In the town, the population age range was from 34.6% under the age of 18, 3.1% from 20 to 24, 32.3% from 25 to 44, 21.2% from 45 to 64, and 7% who were 65 years of age or older. The median age was 34.5 years. For every 100 females there were 93.6 males. For every 100 females age 18 and over, there were 88.8 males.

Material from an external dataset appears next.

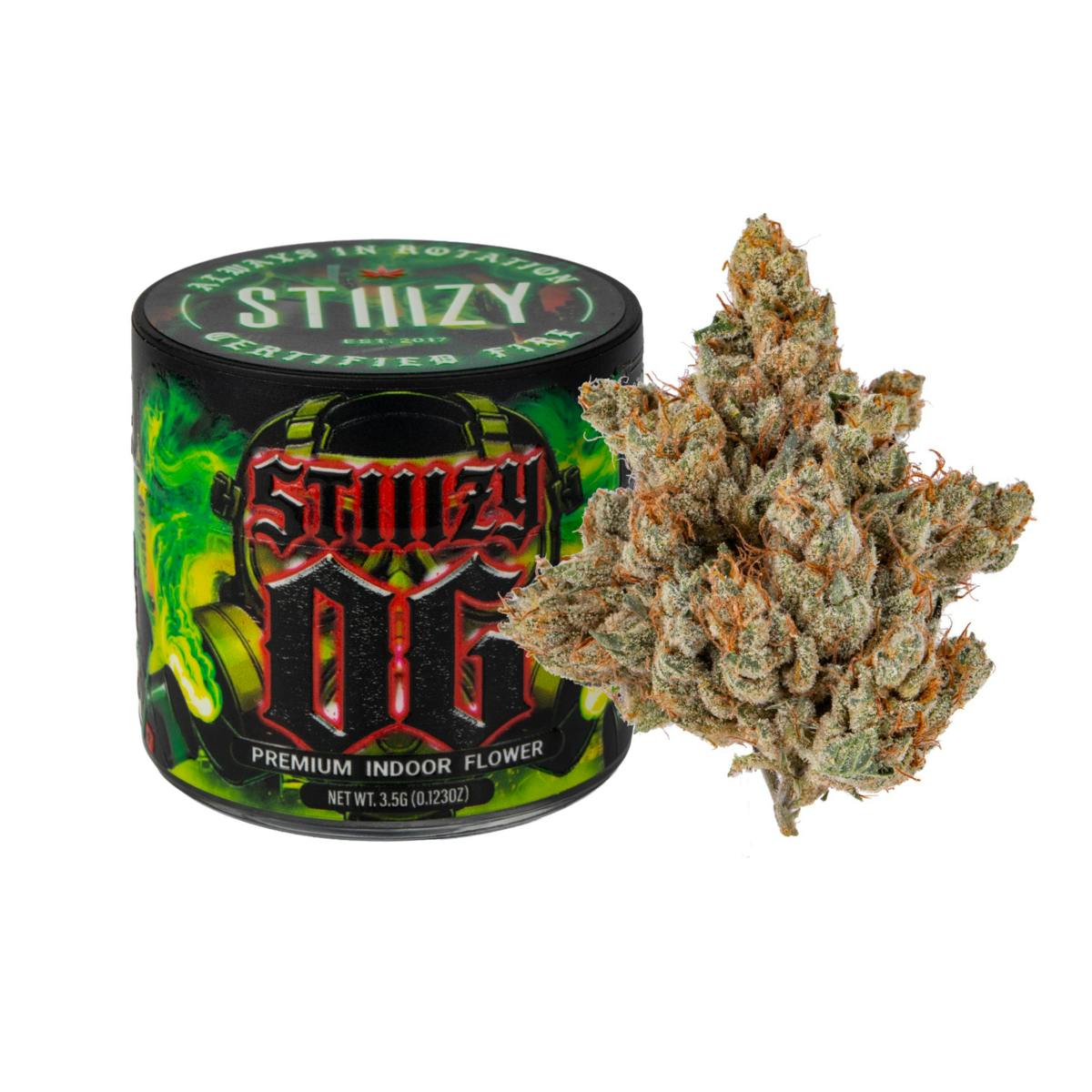 STIIIZY - Premium Jars - STIIIZY OG - 3.5g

The median income for a household in the town was $73,188. The per capita income for the town was $27,949. The percentage of people below the poverty line was 8.9%.
==Local schools==
===Public elementary schools===
- Kensington Elementary School
- Sandy Ridge Elementary School
- Waxhaw Elementary School
- Western Union Elementary School
- New Town Elementary School
- Rea View Elementary School
- Marvin Elementary School
- Prospect Elementary School

===Public middle schools===
- Marvin Ridge Middle School
- Parkwood Middle school
- Cuthbertson Middle School

===Public high schools===
- Marvin Ridge High School
- South Providence High School
- Parkwood High School
- Cuthbertson High School
- Central Academy of Technology and Arts (CATA)

===Private schools===
- Arborbrook Christian Academy
- Omni Montessori School
- Metrolina Christian Academy
- North Point Christian Academy

===Charter schools===
- Union Day Charter School
- Union Academy
- Apprentice Academy of North Carolina

==Library==
The Waxhaw branch of the Union County Public Library system was founded in 1937 with the support of the Waxhaw Womens Club and the federal Works Progress Administration (WPA). The original Waxhaw Library located at 509 South Providence Street was permanently closed on March 18, 2024, to prepare for the new South West Regional Library which opened on April 19, 2024 at 1515 Cuthbertson Road.